Niall Horan od wielu miesięcy przygotowuje się do wydania drugiej solowej płyty. Piosenkarz ma za sobą już sukces pierwszego krążka i oczywiście lata oszałamiającej kariery w One Direction. To właśnie dzięki niej Niall może dziś spełniać swoje marzenia o tworzeniu muzyki i cieszyć się popularnością, wpływami i majątkiem.
Okazuje się jednak, że Niall Horan doskonale zdaje sobie sprawę z tego, że gdyby nie One Direction, jego życie wyglądałoby zupełnie inaczej. I wcale nie byłoby mu z tego powodu smutno!
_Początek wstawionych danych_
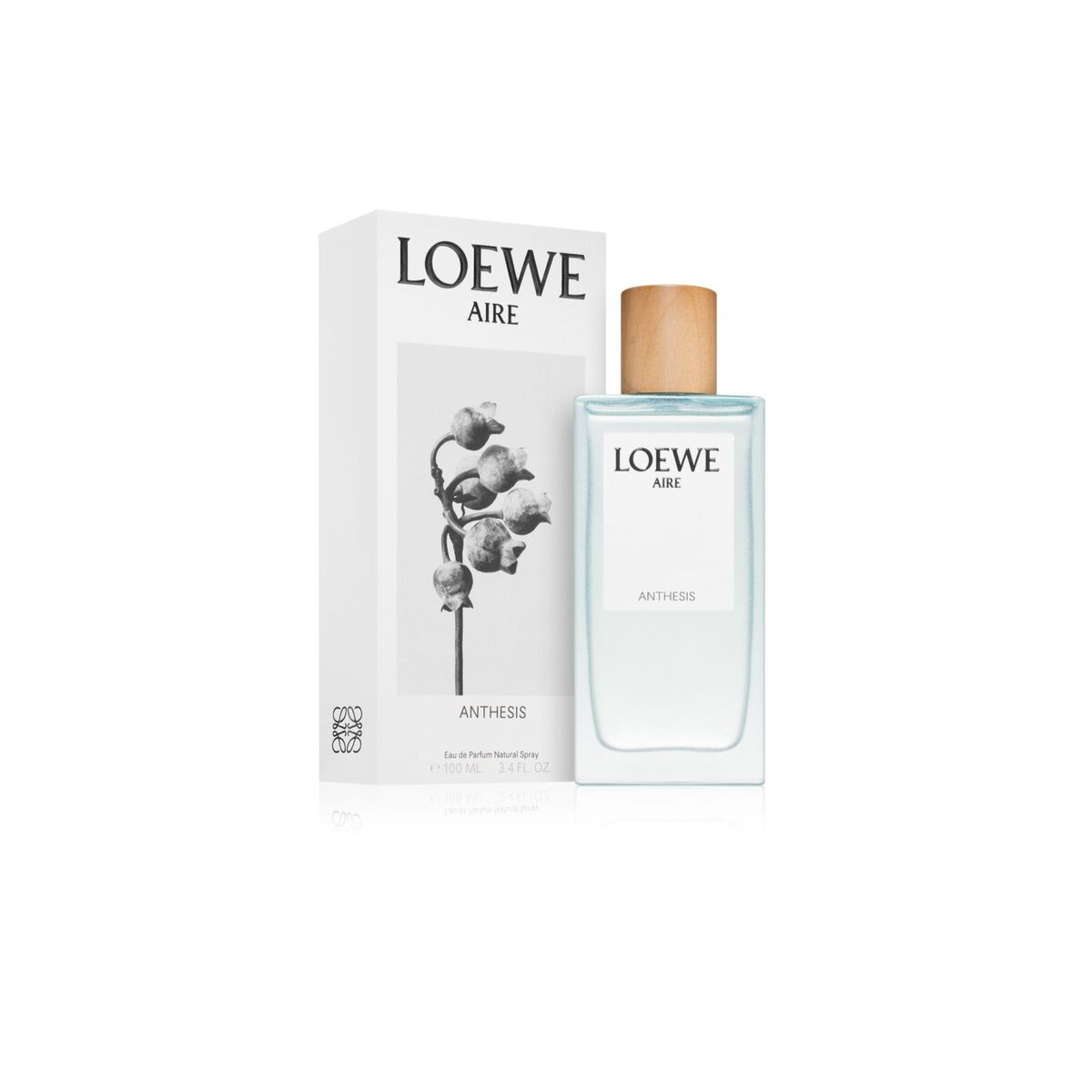 Women's Perfume Loewe Aire Anthesis EDP Loewe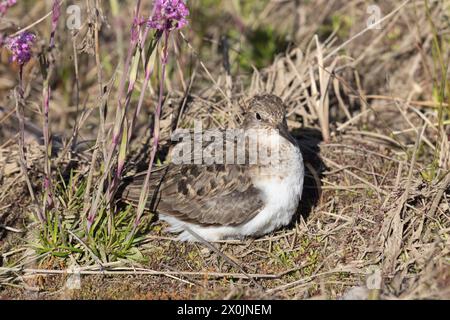 Stint adulto di Temminck seduto tra i fiori Foto Stock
Niall Horan tęskni za zwyczajnym życiem
Niall Horan nie ukrywa, że brakuje mu zwyczajnego życia, jakie prowadzą jego koledzy, którzy nie zrobili wielkich karier. Muzyk może wprawdzie podróżować po całym świecie, spać w najlepszych hotelach i kolegować się z gwiazdami, jednak miał w życiu kilka marzeń, których nie udało mu się zrealizować. I były to marzenia zupełnie przyziemne.
Zapytany o to, czy jest zazdrosny o zwyczajne życie swoich kolegów z Irlandii, Niall Horan bez skrupułów przyznał, że tak!
W stu procentach. Przez cały czas. Chciałem iść na uniwersytet gdy miałem 16 lat. A wypełniłem wniosek do telewizyjnego show. I sześć miesięcy później byłem w jednym z największych zespołów na świecie. To dziwne.
- powiedział.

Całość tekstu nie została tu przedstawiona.